TASK BRIEF - Nothing but the lines from the one containing "Drawing Trolls tutorial." through the end of the data should be output, each reproduced exactly.

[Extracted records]

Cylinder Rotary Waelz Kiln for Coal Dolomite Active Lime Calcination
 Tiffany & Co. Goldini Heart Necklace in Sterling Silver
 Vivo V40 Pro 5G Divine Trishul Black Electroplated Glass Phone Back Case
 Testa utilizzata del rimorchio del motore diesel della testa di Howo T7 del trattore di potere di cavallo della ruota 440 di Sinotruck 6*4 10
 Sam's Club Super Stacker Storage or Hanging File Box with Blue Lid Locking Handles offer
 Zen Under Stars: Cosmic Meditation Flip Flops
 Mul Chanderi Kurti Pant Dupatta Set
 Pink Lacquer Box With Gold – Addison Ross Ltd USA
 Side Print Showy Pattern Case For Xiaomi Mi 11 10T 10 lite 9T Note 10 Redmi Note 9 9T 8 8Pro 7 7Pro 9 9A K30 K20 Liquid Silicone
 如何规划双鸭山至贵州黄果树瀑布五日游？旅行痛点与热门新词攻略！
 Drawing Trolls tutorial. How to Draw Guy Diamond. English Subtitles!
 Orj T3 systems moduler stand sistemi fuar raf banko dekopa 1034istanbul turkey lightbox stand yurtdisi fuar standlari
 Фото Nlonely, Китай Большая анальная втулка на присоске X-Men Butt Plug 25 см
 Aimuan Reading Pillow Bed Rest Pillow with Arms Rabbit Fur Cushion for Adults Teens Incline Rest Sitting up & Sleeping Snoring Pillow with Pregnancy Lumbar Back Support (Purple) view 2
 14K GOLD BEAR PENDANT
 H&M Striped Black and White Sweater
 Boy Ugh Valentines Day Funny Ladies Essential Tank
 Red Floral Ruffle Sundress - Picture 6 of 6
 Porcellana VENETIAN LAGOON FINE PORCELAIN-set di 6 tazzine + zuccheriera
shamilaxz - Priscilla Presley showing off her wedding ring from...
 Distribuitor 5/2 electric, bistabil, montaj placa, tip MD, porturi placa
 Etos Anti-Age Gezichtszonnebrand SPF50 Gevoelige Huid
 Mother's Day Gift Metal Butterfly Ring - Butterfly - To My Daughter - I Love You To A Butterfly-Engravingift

WRITTEN RESPONSE -
 Drawing Trolls tutorial. How to Draw Guy Diamond. English Subtitles!
 Orj T3 systems moduler stand sistemi fuar raf banko dekopa 1034istanbul turkey lightbox stand yurtdisi fuar standlari
 Фото Nlonely, Китай Большая анальная втулка на присоске X-Men Butt Plug 25 см
 Aimuan Reading Pillow Bed Rest Pillow with Arms Rabbit Fur Cushion for Adults Teens Incline Rest Sitting up & Sleeping Snoring Pillow with Pregnancy Lumbar Back Support (Purple) view 2
 14K GOLD BEAR PENDANT
 H&M Striped Black and White Sweater
 Boy Ugh Valentines Day Funny Ladies Essential Tank
 Red Floral Ruffle Sundress - Picture 6 of 6
 Porcellana VENETIAN LAGOON FINE PORCELAIN-set di 6 tazzine + zuccheriera
shamilaxz - Priscilla Presley showing off her wedding ring from...
 Distribuitor 5/2 electric, bistabil, montaj placa, tip MD, porturi placa
 Etos Anti-Age Gezichtszonnebrand SPF50 Gevoelige Huid
 Mother's Day Gift Metal Butterfly Ring - Butterfly - To My Daughter - I Love You To A Butterfly-Engravingift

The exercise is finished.